Paradigm Shift

Concurrency Structure

When using SPDL, it is important to understand the difference in how SPDL structure the concurrency, compared against common process-based data loaders.

In process-based data loading, each process runs the entire pipeline. The pipeline is implemented as DataSet.

flowchart subgraph P1[Process 3] direction TB S10[src] --> S11[Stage 1] --> S12[Stage 2] end subgraph P2[Process 2] direction TB S20[src] --> S21[Stage 1] --> S22[Stage 2] end subgraph P3[Process 1] direction TB S30[src] --> S31[Stage 1] --> S32[Stage 2] end

Whereas SPDL parallelizes the the pipeline stage-by-stage, using different concurrency. This approach is better fit for achieving higher throughput.
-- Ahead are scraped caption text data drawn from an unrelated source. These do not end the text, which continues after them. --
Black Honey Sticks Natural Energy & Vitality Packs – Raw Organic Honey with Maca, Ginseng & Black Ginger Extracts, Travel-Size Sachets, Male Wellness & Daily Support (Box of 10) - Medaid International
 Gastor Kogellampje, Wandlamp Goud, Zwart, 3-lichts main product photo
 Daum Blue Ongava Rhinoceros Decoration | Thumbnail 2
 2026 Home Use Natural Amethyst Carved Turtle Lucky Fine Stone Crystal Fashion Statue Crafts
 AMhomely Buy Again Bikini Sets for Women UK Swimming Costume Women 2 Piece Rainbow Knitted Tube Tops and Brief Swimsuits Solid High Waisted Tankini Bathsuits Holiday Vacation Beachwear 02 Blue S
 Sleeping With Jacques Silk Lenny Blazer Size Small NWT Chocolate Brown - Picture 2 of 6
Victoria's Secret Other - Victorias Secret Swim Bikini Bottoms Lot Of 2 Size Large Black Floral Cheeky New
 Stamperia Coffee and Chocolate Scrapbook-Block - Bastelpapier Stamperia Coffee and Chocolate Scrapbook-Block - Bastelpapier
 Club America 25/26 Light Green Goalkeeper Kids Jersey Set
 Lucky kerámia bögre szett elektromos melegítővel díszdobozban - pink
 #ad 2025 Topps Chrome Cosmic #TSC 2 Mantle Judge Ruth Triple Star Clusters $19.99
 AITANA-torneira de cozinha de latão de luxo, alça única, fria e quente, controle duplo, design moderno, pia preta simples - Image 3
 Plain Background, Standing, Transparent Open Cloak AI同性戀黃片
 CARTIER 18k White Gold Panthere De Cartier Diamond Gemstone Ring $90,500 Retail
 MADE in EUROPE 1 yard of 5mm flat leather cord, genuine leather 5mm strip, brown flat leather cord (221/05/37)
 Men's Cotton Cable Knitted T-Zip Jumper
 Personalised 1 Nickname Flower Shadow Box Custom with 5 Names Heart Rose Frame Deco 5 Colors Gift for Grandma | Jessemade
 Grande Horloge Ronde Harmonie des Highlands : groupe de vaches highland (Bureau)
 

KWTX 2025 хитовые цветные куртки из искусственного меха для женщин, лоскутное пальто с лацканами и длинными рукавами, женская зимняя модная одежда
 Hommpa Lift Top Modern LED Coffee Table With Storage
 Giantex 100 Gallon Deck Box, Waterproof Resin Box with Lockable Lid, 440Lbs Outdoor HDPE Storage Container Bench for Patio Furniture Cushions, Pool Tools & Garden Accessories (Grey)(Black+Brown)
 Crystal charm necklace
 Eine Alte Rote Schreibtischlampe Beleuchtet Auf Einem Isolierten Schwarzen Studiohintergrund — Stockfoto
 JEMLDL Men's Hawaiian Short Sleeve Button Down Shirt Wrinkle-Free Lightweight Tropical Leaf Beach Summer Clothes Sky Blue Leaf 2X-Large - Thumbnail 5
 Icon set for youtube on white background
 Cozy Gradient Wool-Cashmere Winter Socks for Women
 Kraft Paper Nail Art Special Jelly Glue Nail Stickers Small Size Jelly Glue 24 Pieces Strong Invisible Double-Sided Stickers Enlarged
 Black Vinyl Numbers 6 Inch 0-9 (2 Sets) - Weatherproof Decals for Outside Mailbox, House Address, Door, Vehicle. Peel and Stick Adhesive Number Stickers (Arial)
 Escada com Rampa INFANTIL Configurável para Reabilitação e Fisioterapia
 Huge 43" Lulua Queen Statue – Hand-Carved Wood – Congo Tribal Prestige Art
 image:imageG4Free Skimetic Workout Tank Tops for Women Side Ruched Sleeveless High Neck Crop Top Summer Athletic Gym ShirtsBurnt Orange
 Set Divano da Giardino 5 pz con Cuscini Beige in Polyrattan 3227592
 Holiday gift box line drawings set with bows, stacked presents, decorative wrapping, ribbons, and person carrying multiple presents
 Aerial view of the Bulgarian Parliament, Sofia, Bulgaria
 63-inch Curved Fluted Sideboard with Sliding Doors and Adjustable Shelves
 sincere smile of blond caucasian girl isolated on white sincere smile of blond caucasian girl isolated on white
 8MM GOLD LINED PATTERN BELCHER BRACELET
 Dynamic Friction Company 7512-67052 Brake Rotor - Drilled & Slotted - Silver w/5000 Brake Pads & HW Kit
flowchart subgraph P1[Stage 1] direction TB T11[Task 1] T12[Task 2] T13[Task 3] end subgraph P2[Stage 2] direction TB T21[Task 1] T22[Task 2] end subgraph P3[Stage 3] direction TB T31[Task 1] end src --> P1 --> P2 --> P3

It is worth noting that in this setup, there is no equivalent of Dataset class.

This paradigm shift makes it difficult to achieve mechanical update (such as one-line-change or swap-the-class type of update) to SPDL.